Knowing when to quit
No I'm not quitting this blog, I have many idiot things to report on now and in the future. But I did drop out of the NYC Half this week, after concluding that training for a 13-mile race in the middle of winter is something I absolutely do not want to participate in. And maybe not during any other season either.
This wasn't an easy decision for me to make, because I'm a Capricorn, a born climber, and quitting things is very un-goat-like. I mean, I quit things all the time, so I'm great at it, but it's always done with much hand-wringing and self-loathing and certainly isn't something I like to admit. I want the world to think I'm a finisher and I have no problem lying about that. So the fact that I'm putting it right out here in this public, award-winning space really takes courage. Not actual courage, like saving a drowning puppy from a vat of acid or something, but a faux-approximation of courage: I'm like Cyrano's white plume, which is only a physical manifestation of his courage, a smokescreen if you will, while it's Cyrano himself who's out performing all the courageous acts. (There is no Cyrano in this NYC Half scenario, but please appreciate my overdramatic application of useless literary knowledge to real-world events. You win again, liberal arts degree.)
Anyway, quitting this race was a real fucking relief. I've been in the dumps all month because of a terrible 10K I ran on the 10th, when the weather was bone-snapping cold and I had trouble breathing and ended up walking way more than I expected to. When I started running in 2013 I just wanted to be outside and get some fresh air and move my can. It's a sport and I respect that—I like that it's challenging and love the community and camaraderie of it, but I need it to be fun again and not something where I constantly have to feel devastated by my disappointing times vis-à-vis other, more serious people. Nobody goes to an aerobics class and thinks, I have to out-aerobicize all these other knuckleheads this week or I will feel like a total failure. Do they? Maybe competitive aerobics is a thing, I have no idea what the kids do for fun these days.

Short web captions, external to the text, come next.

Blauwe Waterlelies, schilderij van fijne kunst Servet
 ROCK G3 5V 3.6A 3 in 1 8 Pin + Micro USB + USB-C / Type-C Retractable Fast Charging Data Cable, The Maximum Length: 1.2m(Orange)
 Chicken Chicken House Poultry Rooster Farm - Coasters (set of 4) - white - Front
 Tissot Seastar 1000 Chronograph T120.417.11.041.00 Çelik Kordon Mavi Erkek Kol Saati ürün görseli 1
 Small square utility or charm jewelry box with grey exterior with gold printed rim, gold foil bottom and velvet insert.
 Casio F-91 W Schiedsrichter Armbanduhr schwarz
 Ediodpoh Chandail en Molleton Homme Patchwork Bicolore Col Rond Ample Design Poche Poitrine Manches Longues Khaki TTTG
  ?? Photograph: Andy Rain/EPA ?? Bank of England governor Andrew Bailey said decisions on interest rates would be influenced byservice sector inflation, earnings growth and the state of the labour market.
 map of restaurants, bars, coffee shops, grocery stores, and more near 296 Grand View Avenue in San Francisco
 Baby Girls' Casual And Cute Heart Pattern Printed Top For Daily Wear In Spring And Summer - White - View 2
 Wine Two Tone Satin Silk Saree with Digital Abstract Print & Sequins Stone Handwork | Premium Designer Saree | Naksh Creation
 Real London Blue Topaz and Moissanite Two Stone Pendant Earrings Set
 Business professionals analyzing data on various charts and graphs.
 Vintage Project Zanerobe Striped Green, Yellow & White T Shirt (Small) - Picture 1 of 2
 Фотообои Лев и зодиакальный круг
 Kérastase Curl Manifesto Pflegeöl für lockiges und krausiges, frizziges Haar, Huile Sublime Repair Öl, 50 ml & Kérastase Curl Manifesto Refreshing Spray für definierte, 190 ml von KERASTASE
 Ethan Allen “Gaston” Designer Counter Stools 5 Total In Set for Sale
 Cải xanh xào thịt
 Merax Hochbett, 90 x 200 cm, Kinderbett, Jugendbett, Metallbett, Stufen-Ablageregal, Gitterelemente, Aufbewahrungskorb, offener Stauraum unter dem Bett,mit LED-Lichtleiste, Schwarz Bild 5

But I've decided from now on to take my running cues from comedian Liz Miele, who tells the latest Runner's World, "I'm not good at it, I just like it." How genius is that! The second I read it I knew this was it, this was what I've been waiting for: the simple but mind-blowing permission to not be good at running, to just stop caring about being good at running, and to continue devoting my fitness regimen to a kind of lazy, half-assed, shoddy dilettantism in pursuit of absolutely nothing, which not coincidentally I am 100% amazing at.